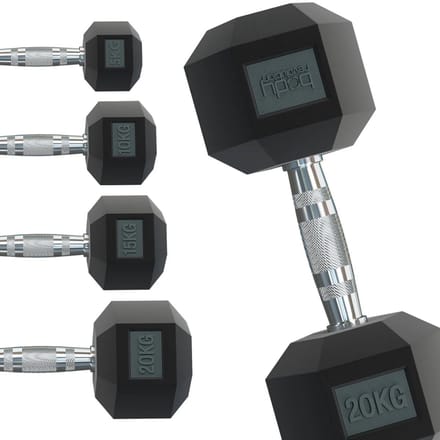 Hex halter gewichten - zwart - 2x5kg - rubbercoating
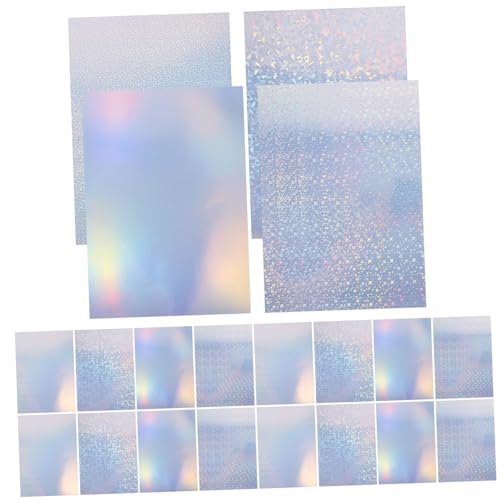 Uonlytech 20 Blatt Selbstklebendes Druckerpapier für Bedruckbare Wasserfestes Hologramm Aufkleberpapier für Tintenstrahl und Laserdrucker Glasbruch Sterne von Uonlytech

________________________________________

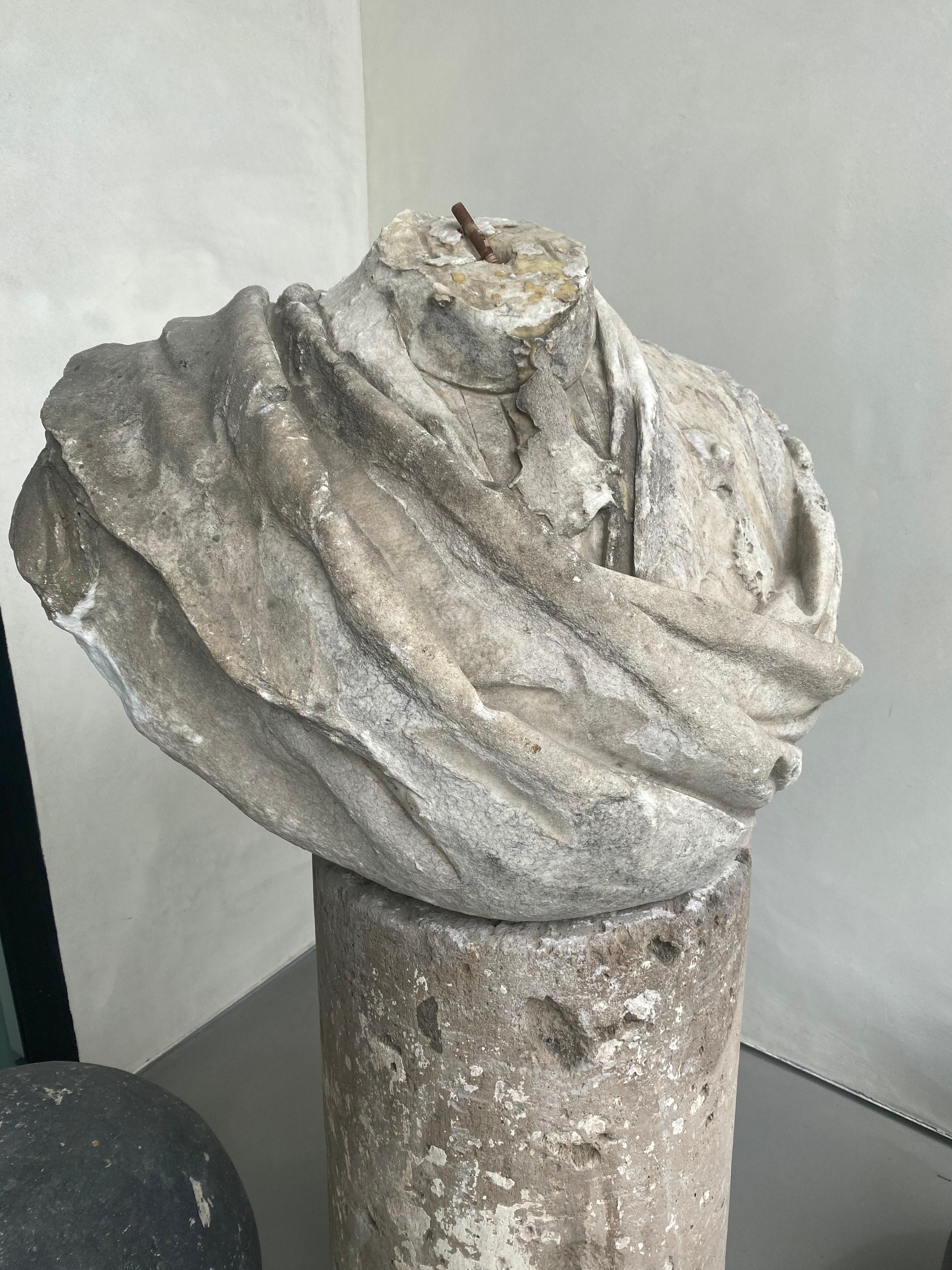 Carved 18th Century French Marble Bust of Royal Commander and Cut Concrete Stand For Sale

________________________________________

Using the records above, return verbatim only the part that opens with the line containing "Hex halter gewichten" and closes with the line containing "Uonlytech 20 Blatt"; pictures stay out.

 Hex halter gewichten - zwart - 2x5kg - rubbercoating
 Uonlytech 20 Blatt Selbstklebendes Druckerpapier für Bedruckbare Wasserfestes Hologramm Aufkleberpapier für Tintenstrahl und Laserdrucker Glasbruch Sterne von Uonlytech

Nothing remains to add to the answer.